I spent that summer reading and learning. Maybe I went crazy, or maybe I simply became more observant, but it seems like it wasn’t enough by the time I was through. I listened to songs of solitude and longing in the midst of jollity, and I listened to summery, ridiculously cheerful music in the night when I felt like no one could hear what I wanted or needed. But it didn’t matter because it still felt relevant.

That was the summer when I sat in front of a blazing fire listening to acoustic guitars and teenagers telling stories, pretending to be superior and wise, although they had naught but a few years and a pack of cigarettes under their belt. That was the summer that I learned that cuffed shorts were the cutest thing known to mankind, that sunburn can look beautiful, and that feeling like a child is always going to be becoming. That was the summer that I forgot to read the poem that hangs above the library. It felt so insignificant, but now it means everything.
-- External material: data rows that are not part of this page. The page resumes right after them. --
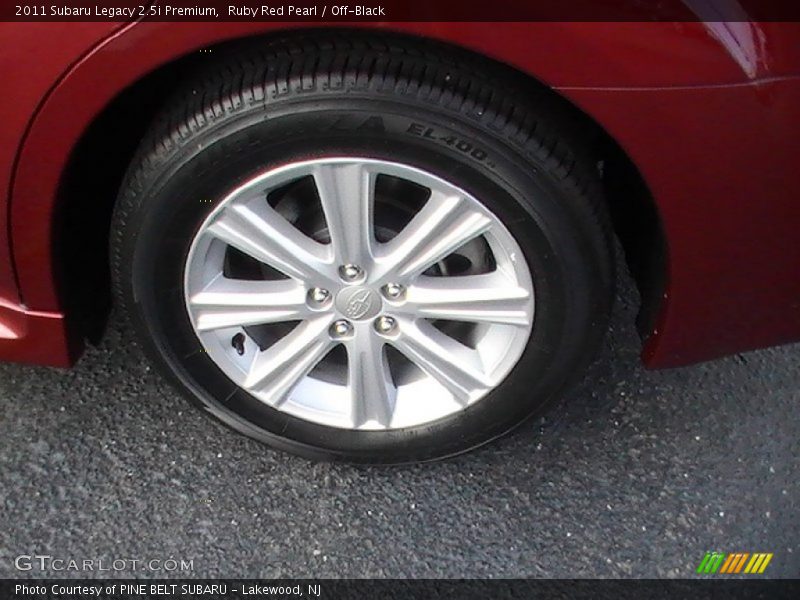 Ruby Red Pearl / Off-Black 2011 Subaru Legacy 2.5i Premium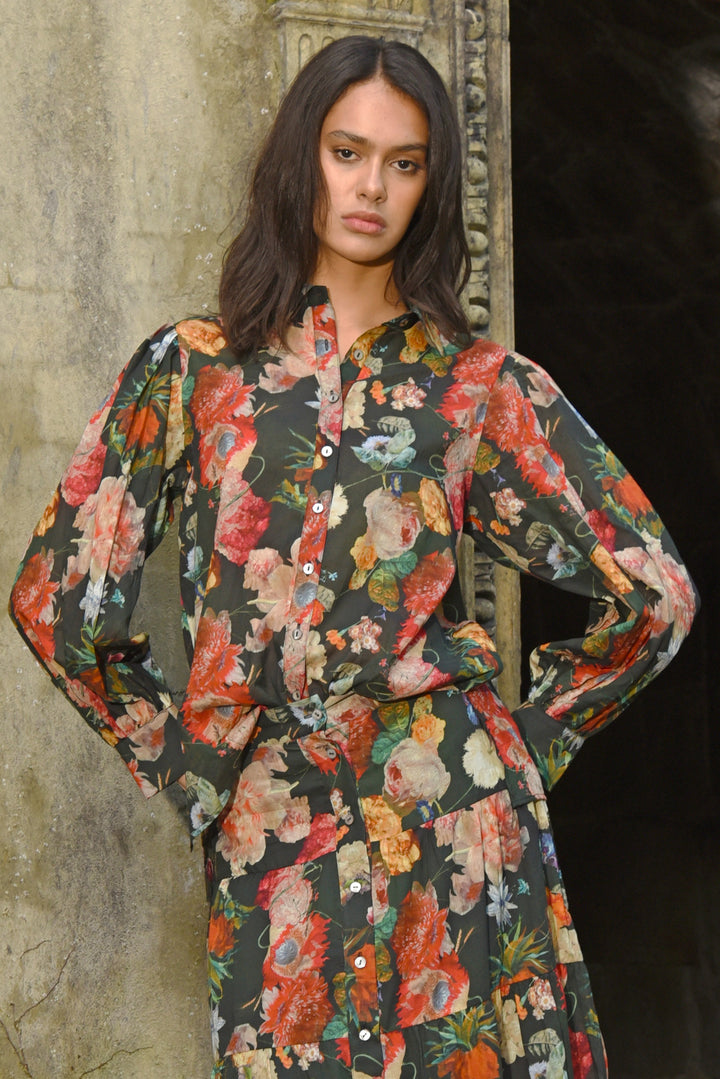 Autumn Sleeves Top - Still Life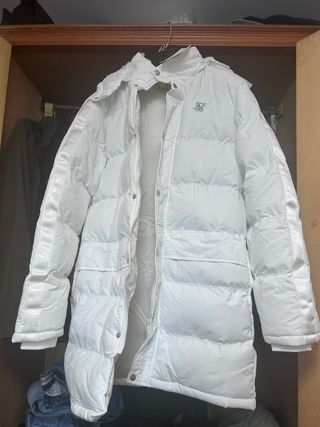 Chaquetón blanco SikSilk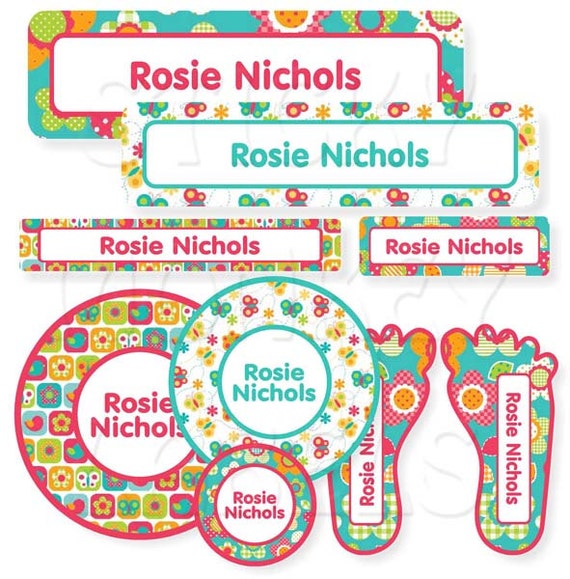 Daycare Label Pack All Things Spring by StickyMonkeyLabels on Etsy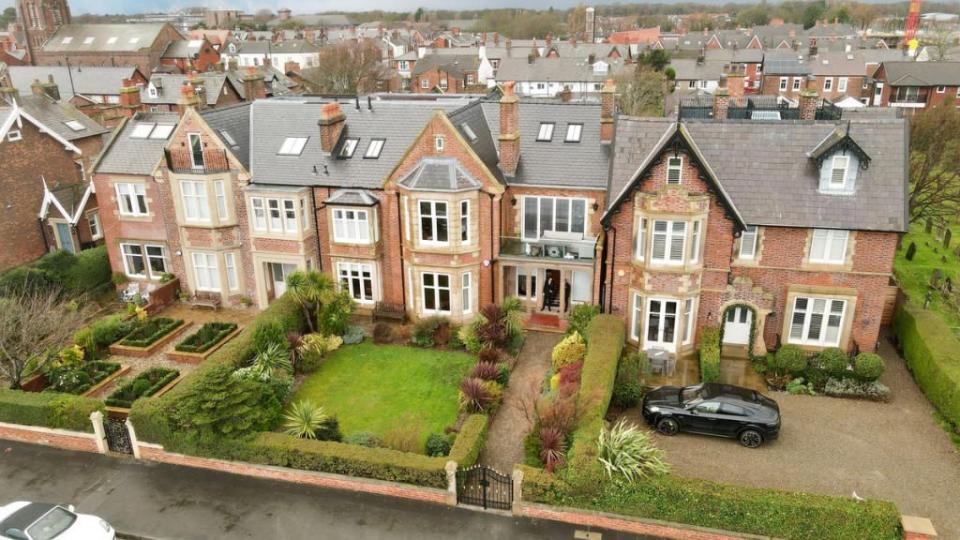 <p>Over in Lancashire, this six-bedroom property previously won an award for the best residential conversion of an existing home. With unique interior décor throughout, a handmade fitted <a href="https://www.housebeautiful.com/uk/lifestyle/shopping/g34544075/kitchen-gadgets/" rel="nofollow noopener" target="_blank" data-ylk="slk:kitchen;elm:context_link;itc:0;sec:content-canvas" class="link ">kitchen</a>, spacious games room, cinema room, and its very own bar, we're not surprised it's among the most-viewed. Take a tour...</p><p>This property is currently on the market for £2,500,000 with Tyron Ash Real Estate via <a href="https://www.rightmove.co.uk/properties/118061444#/" rel="nofollow noopener" target="_blank" data-ylk="slk:Rightmove;elm:context_link;itc:0;sec:content-canvas" class="link ">Rightmove</a>. </p>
Now, when I turn the page of this forgotten tome, it feels familiar, and I can retrace every step I took, from dog-ear to forgotten bookmark. It truly was a summer of tra-la-la’s and la-ti-da’s. It was a summer of all give and all take. It was anticipation, it was immaturity, it was things written in a composition notebook ten years past its prime.

i felt like writing tonight. and i was listening to good music, so it helped me.